***** THE INPUT *****
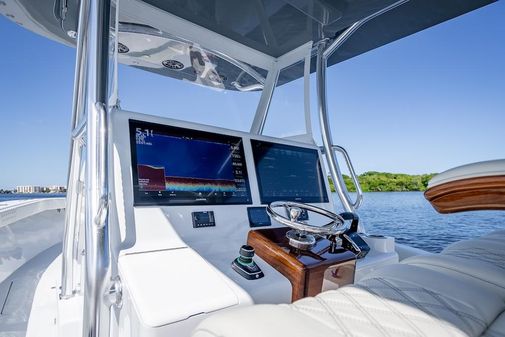 Billfish 39 Center Console w/Tower image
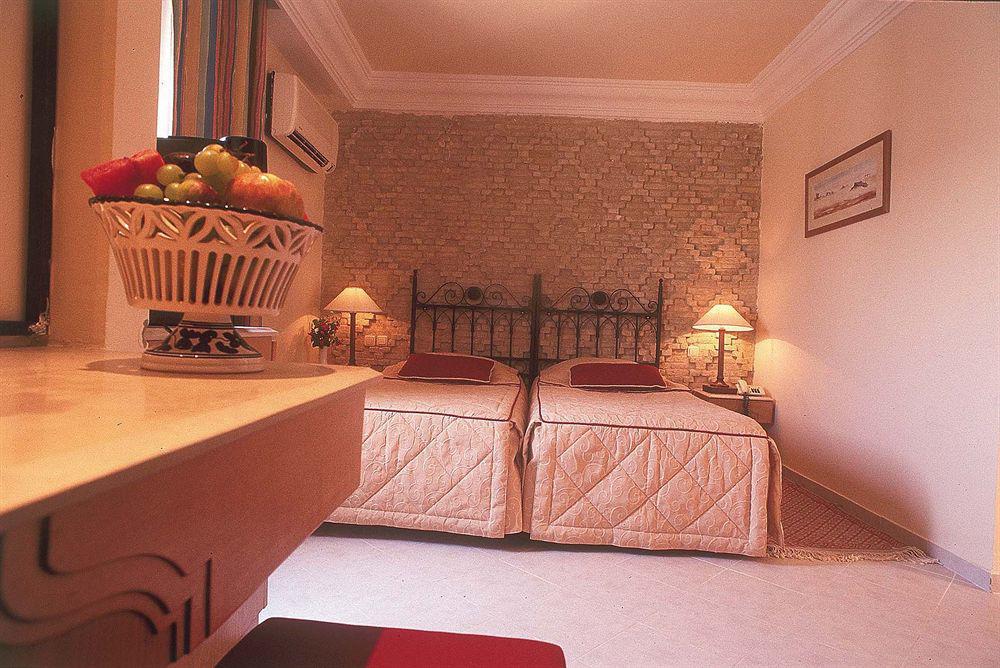 Ras El Ain Hotel Tozeur Room photo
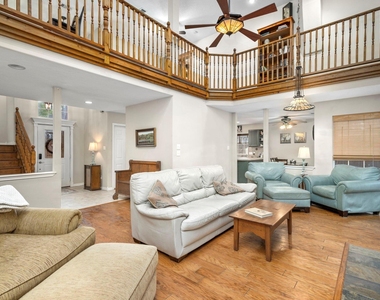 2 Amber Fire Place - Photo Thumbnail 6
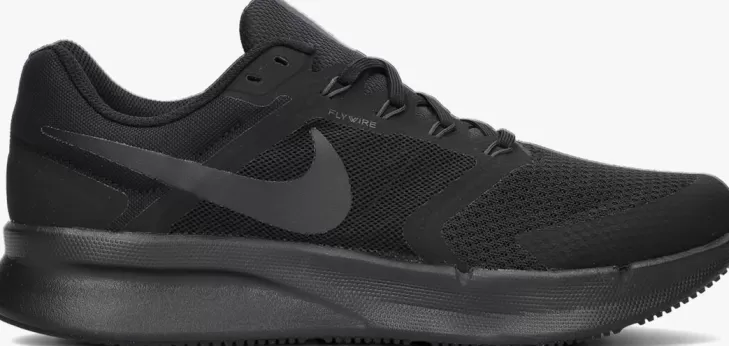 Shop NIKE E Lage Sneakers Run Swift 3 Zwart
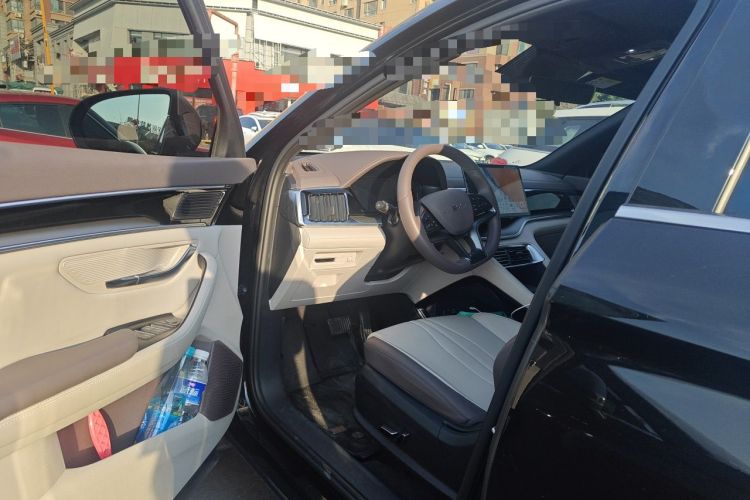 Used BYD Song PLUS New Energy 2024 HONOR Edition DM-i 110km Flagship Model Driver Seat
*****
• **AIM OF THE EXERCISE**: Exactly the lines from the one containing "2 Amber Fire Place - Photo Thumbnail 6" to the final line of the entries are wanted; please write them out, both ends included, but not the pictures.

• **YOUR RESPONSE**:
 2 Amber Fire Place - Photo Thumbnail 6
 Shop NIKE E Lage Sneakers Run Swift 3 Zwart
 Used BYD Song PLUS New Energy 2024 HONOR Edition DM-i 110km Flagship Model Driver Seat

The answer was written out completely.